== Segment start ==

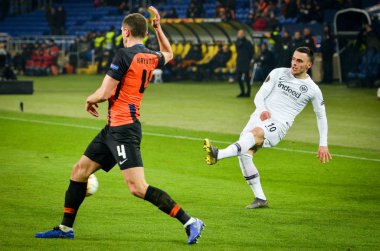 Kharkiv, Ukrayna - 14 Şubat 2019: Filip Kostic oyuncu sırasında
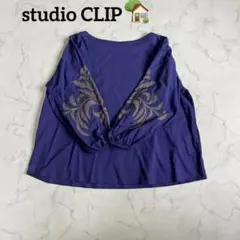 スタディオクリップ　パープル　カットソー　フリーサイズ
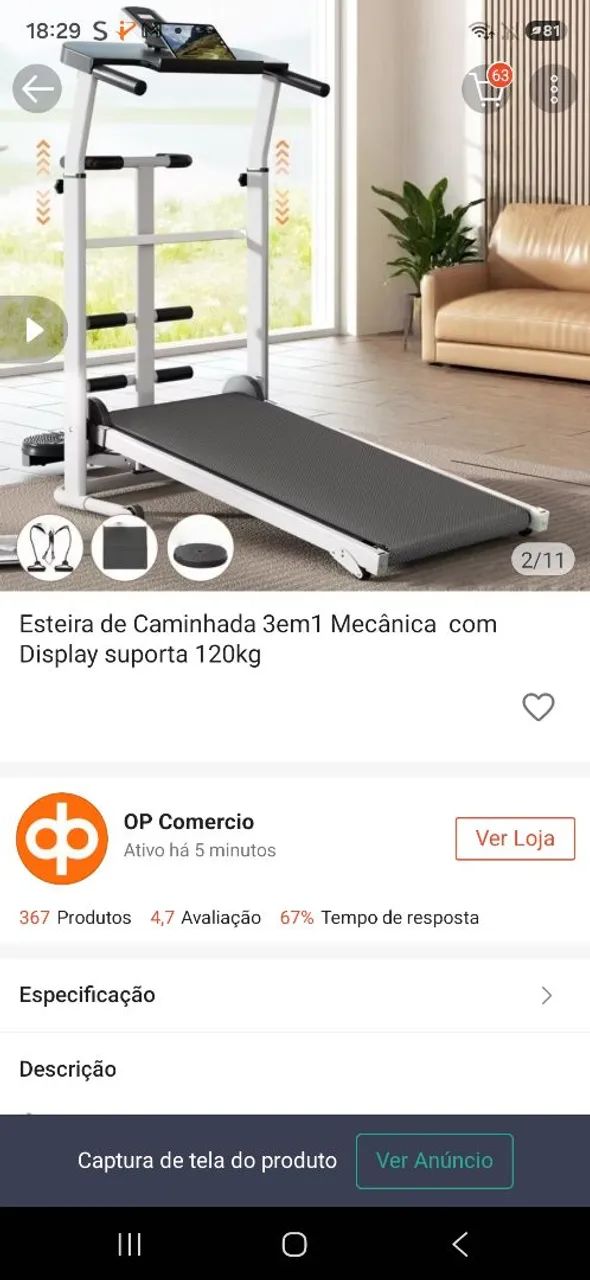 Esteira de caminhada mecânica 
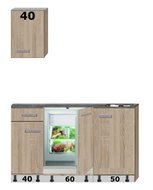 Keuken Kitchenette 150cm met stelpoten incl inbouw koelkast RAI-0039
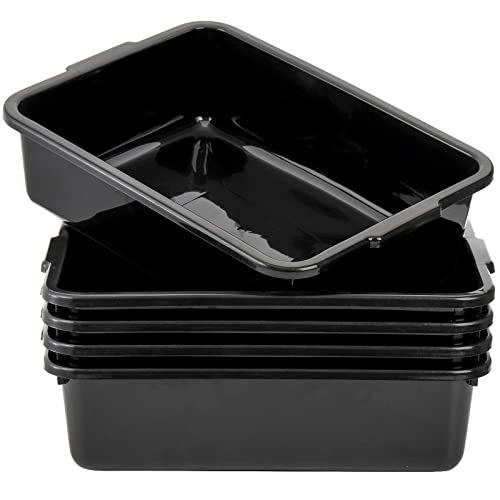 Bekith 5 Pack Plastic Bus Tubs, Commercial Wash Basin Tote Box, Plastic Utility Bus Box, Plastic Dish Tubs, 8 L Capacity, Black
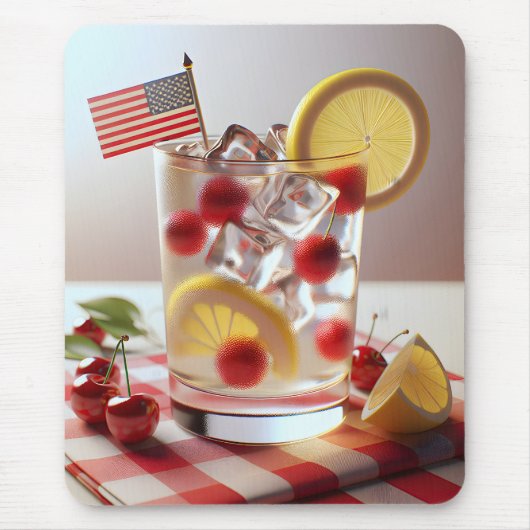 Patriotische Lemonade mit Kirschen Mousepad (Vorne)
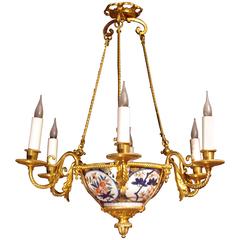 Imari Porcelain Light Fixture from the End of the 19th Century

== Segment end ==

§ PROBLEM:
Please copy the records above word for word, omitting every picture.

§ RESPONSE AREA:
 Kharkiv, Ukrayna - 14 Şubat 2019: Filip Kostic oyuncu sırasında
 スタディオクリップ　パープル　カットソー　フリーサイズ
 Esteira de caminhada mecânica 
 Keuken Kitchenette 150cm met stelpoten incl inbouw koelkast RAI-0039
 Bekith 5 Pack Plastic Bus Tubs, Commercial Wash Basin Tote Box, Plastic Utility Bus Box, Plastic Dish Tubs, 8 L Capacity, Black
 Patriotische Lemonade mit Kirschen Mousepad (Vorne)
 Imari Porcelain Light Fixture from the End of the 19th Century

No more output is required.